When I first heard of this movie quite some time ago, I wasn't sure what to think of it. I'm a pretty big fan of Jack Black, but if you put him and his exuberance in the wrong type of material (See: Shallow Hal) the results don't always turn out too favorable. But then when I found out that this movie was written by Mike White (Dead Man on Campus, Orange County) and was directed by Richard Linklater (Dazed and Confused), I started to get more excited for this movie. My excitement turned out to not be in vain because this is one hell of a laugh-fest, with a pretty good story behind it as well, although some of the story we've seen before.
The movie starts out kind of slow with Dewey Finn (Black) and his band playing a show where Black is overly enthusiastic, which for some reason means the band isn't good. Consequently, he gets tossed out of the band so they can take the upcoming battle of the bands more seriously. And after a cliched leaving-the-band speech, Finn goes back to his place. Well, the place he freeloads at, I should say, from his friend Ned (White), who's a substitute teacher and his new overbearing girlfriend Patty (Silverman), who's, well, aggravating. Ned and Patty have had enough of Finn's mooching - well Patty has had enough and she told Ned that he's had enough as well - and they demand he get a job and stop chasing his dream of being a rock star. What is an aspiring rock star to do? The only thing he can do. Pretend he is Ned and take a substitute teaching job at an elite grade school, and in doing so, try to mold these youngsters into an elite rock group and win the battle of the bands from the band that cast him aside. That's what every aspiring rock star would've done, right? Right.
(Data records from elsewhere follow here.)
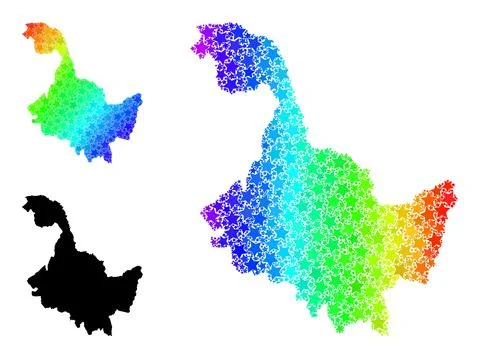 Spectrum Gradient Star Mosaic Map of Heilongjiang Province Collage Stock Illustration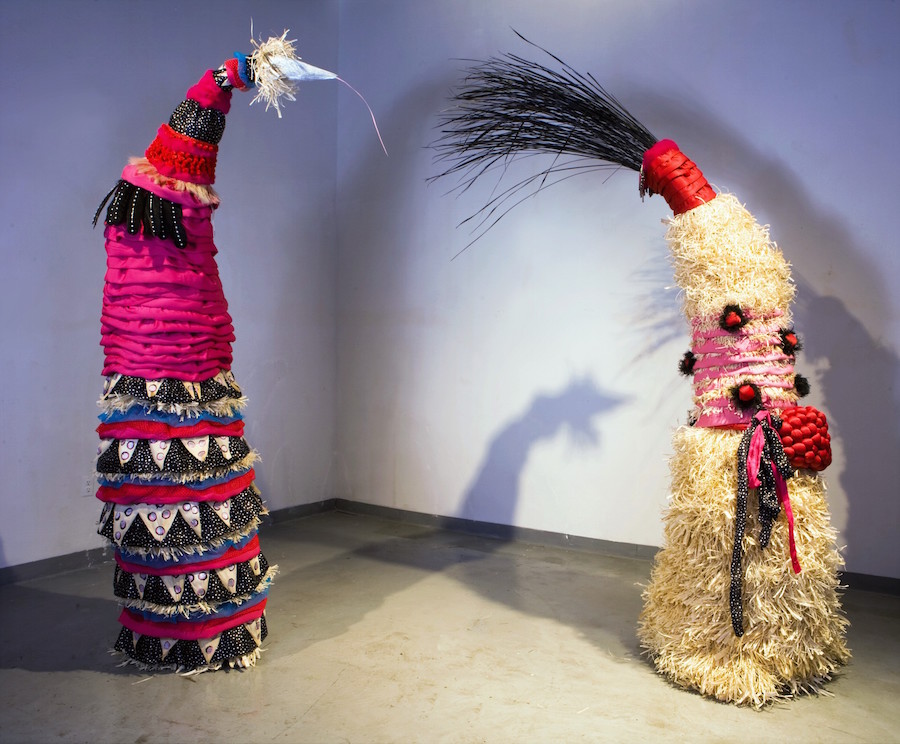 Sculptures by Antonak comprising silk, corn husk, and plastic flowers. Erin Lee Antonak Photo.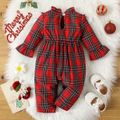Christmas Baby Girl Ruffle Trim Spliced Red Plaid Mock Neck Long-sleeve Jumpsuit Red-2 image 2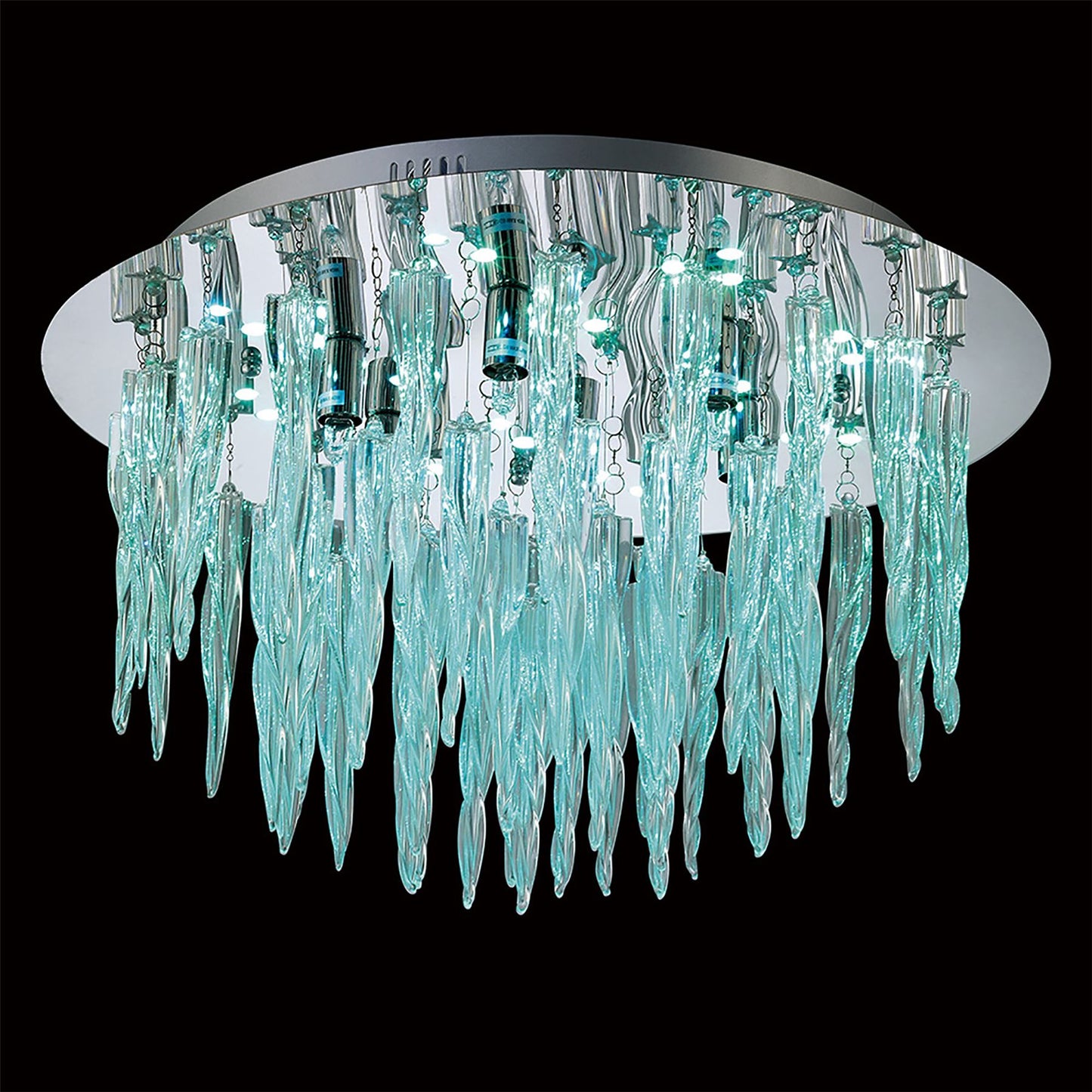 Diyas Tropez 50cm  6 Light G9 with RGB LEDs and Remote Control Polished Chrome/Glass Ceiling Light Fitting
Jack Black is at the top of his game here, delivering his best performance since High Fidelity. He is insanely funny throughout the movie, and has one of the funniest lines I've heard all year when he asks one of the kids if they knew what a hangover was. One of the kids asks if that meant he was drunk and Black says, "No, it means I was drunk yesterday." He has a truckload of energy and his delivery is just great, most of the time. True, at times it does seem like he trained at the Jim Carrey School for the Overactor, because he tries to aim way too high sometimes, and it just ends up flopping. But he does have some range, which was shown somewhat in Shallow Hal if you could see through the horrendous story, and he handles the more mellow scenes wonderfully as well. Is this Best Actor material? Of course not. But you will probably be laughing all the way home after seeing his great performance.I didn't know that the wonderful Joan Cusack was in this movie, but she turns in a great, subdued performance as the headmistress of the grade school. Her character seems to be taken a bit from Angelica Huston's headmistress character in Daddy Day Care, but she's still very good as the snobbish Principal Mullins. Mike White is pretty good as Ned, but I wish he would've written his own character a little differently. He's a pretty big pushover, and granted he plays it well, but it's fairly annoying. But I guess that means that his performance was accurate. Either way, a different angle on his character might have sat better with me, but White was still good, as usual. Sarah Silverman is even more annoying though, and she does nothing that we haven't seen before in this type of character. As for the children of the School of Rock, they're all actually very good, all with surprisingly decent range for child actors. And they were all very diverse (although somewhat unoriginal) characters, with a couple of shy-yet-talented kids, the loudmouth brat who needs discipline, the chubby kid and the computer geek.
My favorite of the kids, though is the most original, but it's also a smaller role among the kids. He's the homosexual kid, who wants to be the band's wardrobe consultant. He's absolutely hilarious, even more so because you wouldn't even dream of seeing a gay character that's a 10-year old kid.
The script is pretty good, with some great dialogue and a nice plot line. The movie does sort of feel like a mix between Detroit Rock City, Big Daddy and Kindergarten Cop, which is an odd mix, I know. But overall the story did work rather nicely. I love White's writing because he never gives his movies a traditional Hollywood ending, but still finds a way to make it a satisfying ending without giving in to clich駳. And his style holds true in this movie as well. White gives us a ton of humor, but also mixes in some fairly serious tones as well. The serious parts aren't incredibly dramatic, but it gives us a nice break from the laughter. The main thing I didn't like about the script was the back-and-forth about whether or not Finn is actually any good as a musician. It's pretty minor, but it's kind of a nuisance.
Director Richard Linklater seems to be an actor's director. He has enormous faith in the script and his talent to pull the movie through, without trying to put a "director's touch" or imposing a certain style on us that many directors try to do so we can realize that they graduated from film school. Linklater is very minimalist in his direction, using basic shots and angles but also giving us some nice sweeping shots and other minor touches just to let us know that there's someone sitting in the director's chair.
School of Rock is a movie about, well, I guess you could say it's about getting a second chance. But it's really about what happens when rock ?n' roll meets 10-year old's in this highly entertaining romp of a movie.